WHAT YOU NEED TO DO: Once you find the line with "Weitere Ansicht: Das" in the data that follows, repeat it and every line after it exactly, through the line with "Guyker ST Fixed".

DATA LISTING:

◆ ◆ ◆ ◆

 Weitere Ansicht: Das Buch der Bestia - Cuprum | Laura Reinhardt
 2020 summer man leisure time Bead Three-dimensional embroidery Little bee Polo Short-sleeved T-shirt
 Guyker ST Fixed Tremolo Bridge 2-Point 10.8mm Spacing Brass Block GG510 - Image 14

◆ ◆ ◆ ◆

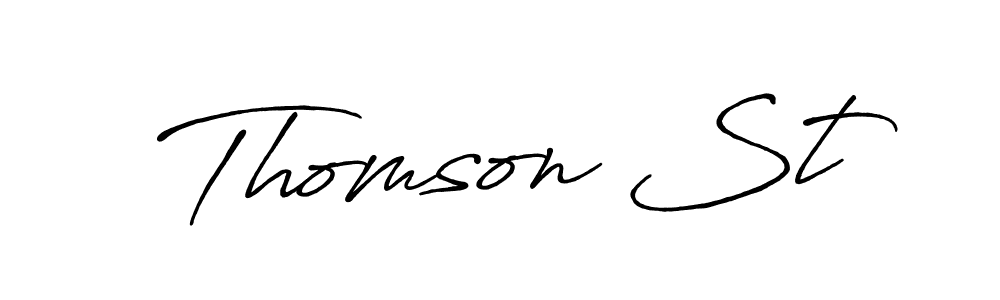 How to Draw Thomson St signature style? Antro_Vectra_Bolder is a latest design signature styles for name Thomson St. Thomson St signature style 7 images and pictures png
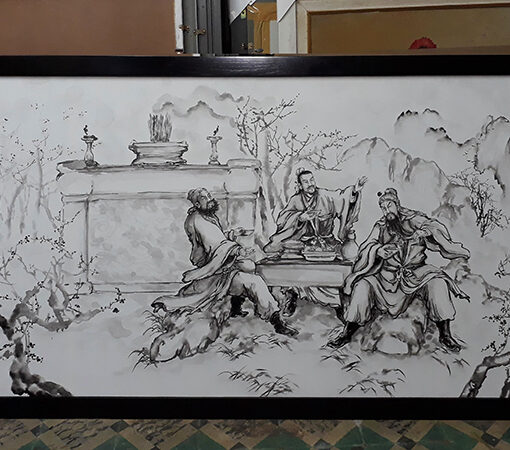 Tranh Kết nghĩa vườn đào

◆ ◆ ◆ ◆

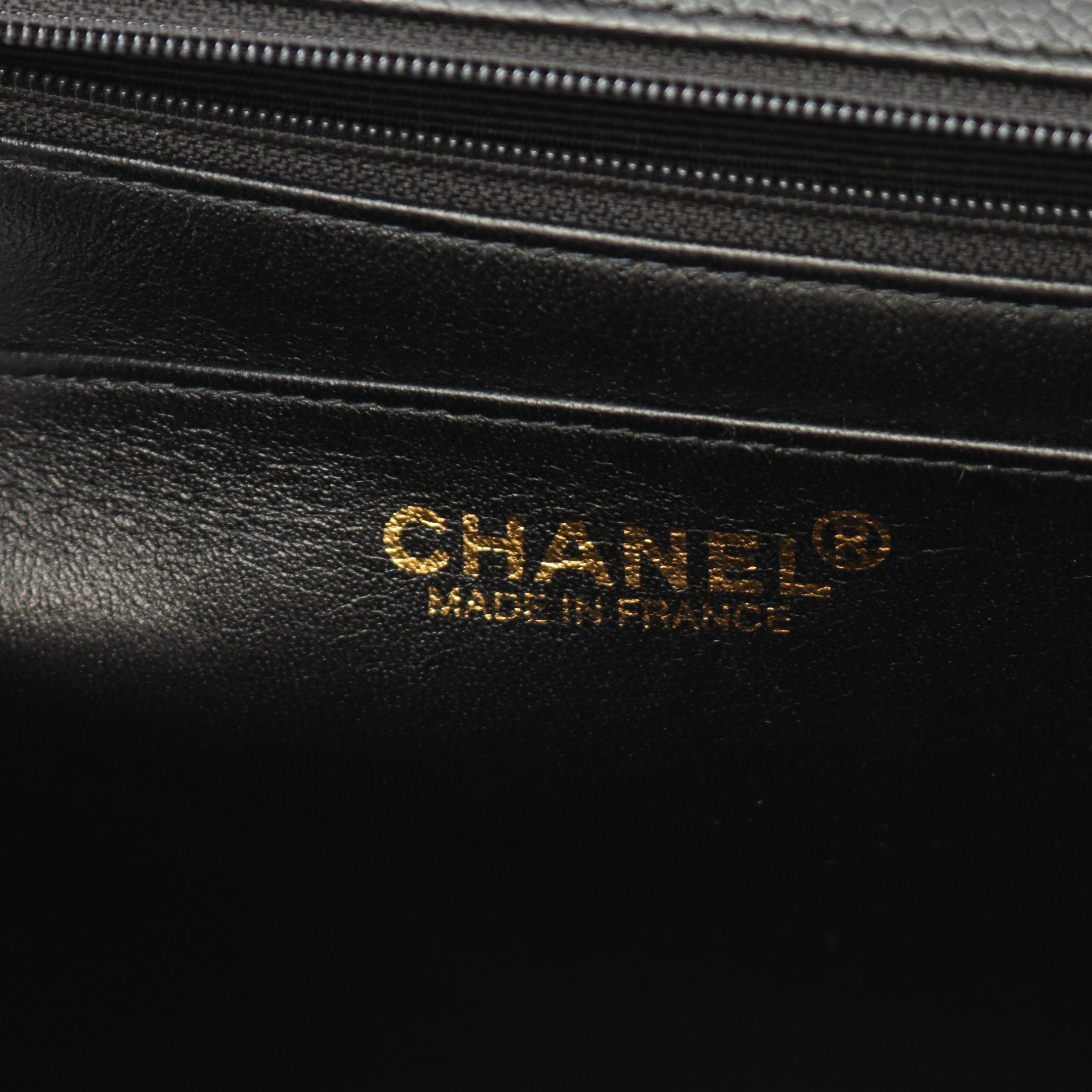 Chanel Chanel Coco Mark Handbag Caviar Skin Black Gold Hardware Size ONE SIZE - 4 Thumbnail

◆ ◆ ◆ ◆

EXERCISE RESULT:
 Weitere Ansicht: Das Buch der Bestia - Cuprum | Laura Reinhardt
 2020 summer man leisure time Bead Three-dimensional embroidery Little bee Polo Short-sleeved T-shirt
 Guyker ST Fixed Tremolo Bridge 2-Point 10.8mm Spacing Brass Block GG510 - Image 14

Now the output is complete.